Beaverton's plan dovetails with Washington County's plan to reduce homelessness, although the county spends relatively little on emergency shelters.

"We can all agree no one should be living on our streets and we need to do all we can to get people on a path to housing stability," Mayor Denny Doyle said in the report.

Permanent housing

The city plan calls for 6,600 new homes by 2035 deemed "affordable" — under federal guidelines, costing no more than 30 percent of gross household income — of more than 12,000 projected for need.
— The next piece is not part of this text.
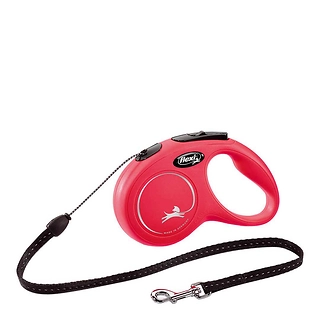 Flexi Classic Retractable Cord Lead 5m - Red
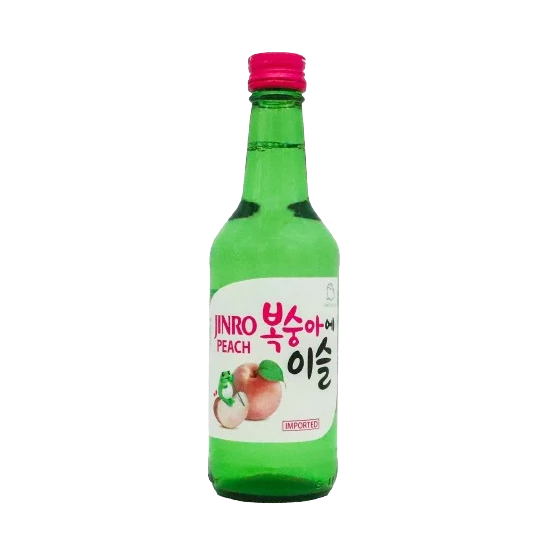 Jinro Peach Soju 13% 360ml DRS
According to the report, Beaverton had a total of 41,763 in 2016.

Of the 230 planned in Rise Central, 215 will be at market rate and 15 are deemed "affordable."

Petros said financing has been arranged for preservation of 59 apartments in Fircrest Manor, and newly opened Bridge Meadows offers 32 apartments for older people and nine for families with foster children.

She also said city staff meet regularly to review housing issues.

"With that coordinated effort we had a few successes," she said.

The city also is scheduled this summer to complete a study, funded in December 2016 by a $100,000 grant from Metro, to compile an inventory of "affordable" but unregulated rentals and the best ways of preserving them.

"We must make sure that market pressures do not create so much of an incentive to make that (housing) less affordable as time goes on," Petros said.

At the close of the meeting, Councilor Betty Bode appeared in a video to talk about housing and other issues. Bode has already announced she will leave office this year when her fourth term ends.

She called for the "creative" use of public spaces to offer people shelter.

"They have no place to go, yet they still call Beaverton home. It's the same place I call home," she said.

"I have never believed … this is the time to hide the poor. This is not the time to hide the sick. This is the time to stand up and be creative and say yes, we can.

"Give them a roof, not a cold truck or a cold car."